In addition to clicking on a workspace tab to use it, you can cycle through workspace tabs by pressing Ctrl+Page Up and Ctrl+Page Down.

      

You can rename any workspace to any name you want by double-clicking its tab. The default workspace names work reasonably well for most situations, but as I work, I tend to customize a workspace to the point that I’m using it for something quite different from its original name. So in that case, I’ll often rename the workspace to better reflect what it is I’m doing. Get used to the idea of naming everything in your projects. Trust me, being in the habit of using a reasonable name makes life infinitely easier. It’s especially true when you come back to an old project and you need to figure out what everything is.

The workspace tabs at the top of the Blender window are arranged in an order that reflects the common steps in a workflow. However, that may not be the way you do things. Right-click any tab and Blender provides you with options to put the tab at the front or back of the list, duplicate it, or remove it altogether. As of this writing, you can’t reorder tabs by dragging and dropping, but hopefully that feature will come in future releases of Blender.

      Creating a new workspace

      To create a new workspace, left-click the plus tab at the end of the series of workspace tabs and choose the workspace that most closely matches the screen layout you want to work within. From here, you can make the changes to create your own custom workspace layout (like renaming it!). For example, you may want to create a 2D painting workspace or a multi-monitor workspace with a separate window for each of your monitors.

      

If you want Blender to always launch in a different workflow than the General one, you need to save a new startup file. This is basically a template file that Blender uses to store the preferred environment that you want to start in. For example, say your primary interest is 2D animation and you want Blender to always launch with the workspace tabs for that workflow; follow these steps:

      1 Start a new Blender session in the 2D Animation workflow by choosing File ⇒ New ⇒ 2D Animation.

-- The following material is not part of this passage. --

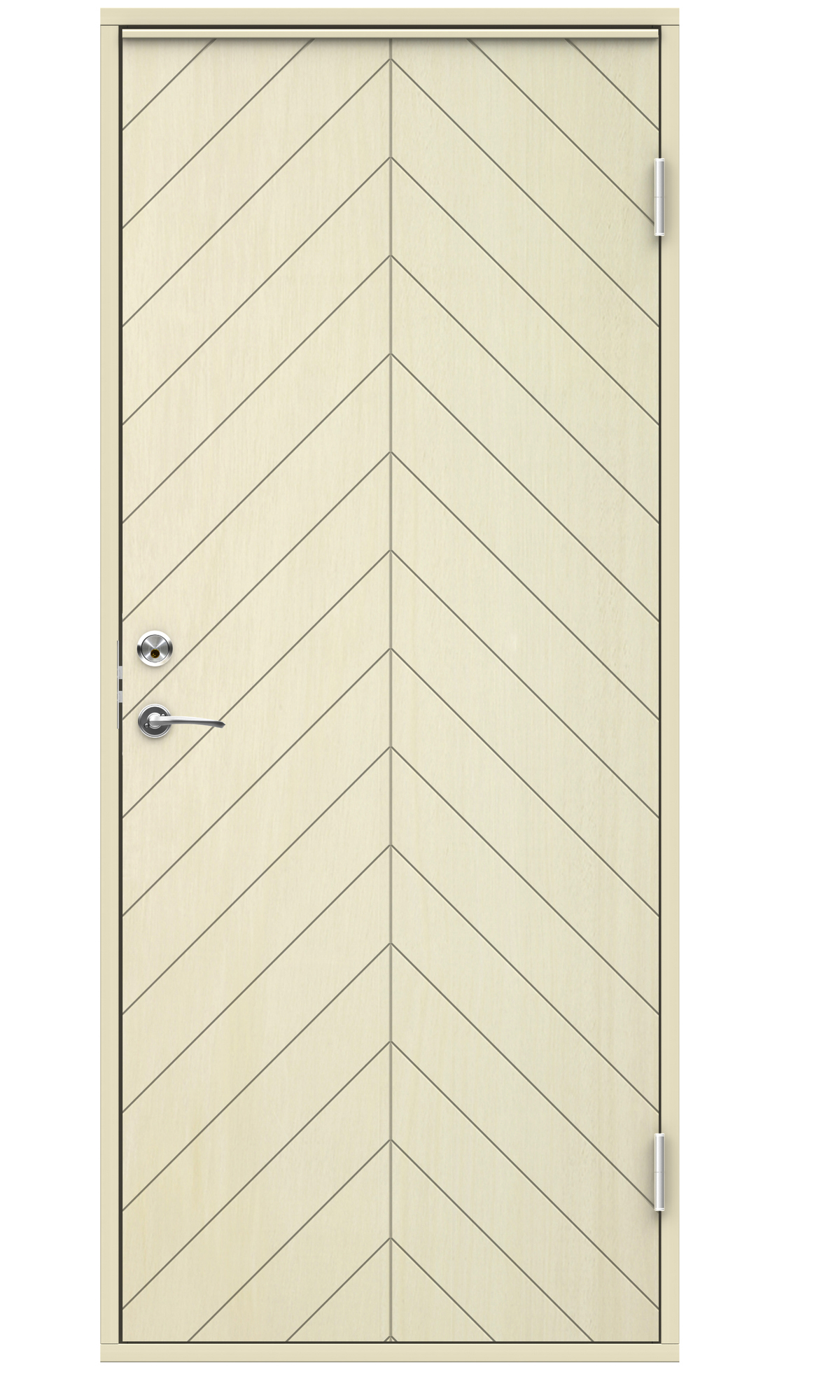 CLEVER-LINE VARMFÖRRÅDSDÖRR TRYSIL - SWEDOOR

      2 Choose File ⇒ Defaults ⇒ Save Startup File to set this workflow as your default work environment the first time you launch Blender.

      Customizing the Blender environment

      You can use this same method, outlined in the previous section, if you’ve fully customized your Blender environment to something completely different from any of the default workflows. When you use the Save Startup File feature, Blender saves your current settings, workspaces, and even 3D scenes to a special .blend file called startup.blend that gets loaded each time Blender starts. So any models you have in the 3D Viewport and any changes you make to other workspaces are saved, too. Fortunately, if you’ve made a mistake, you can always return to the default setup by choosing File ⇒ Load Factory Settings and re-create your custom layouts from there.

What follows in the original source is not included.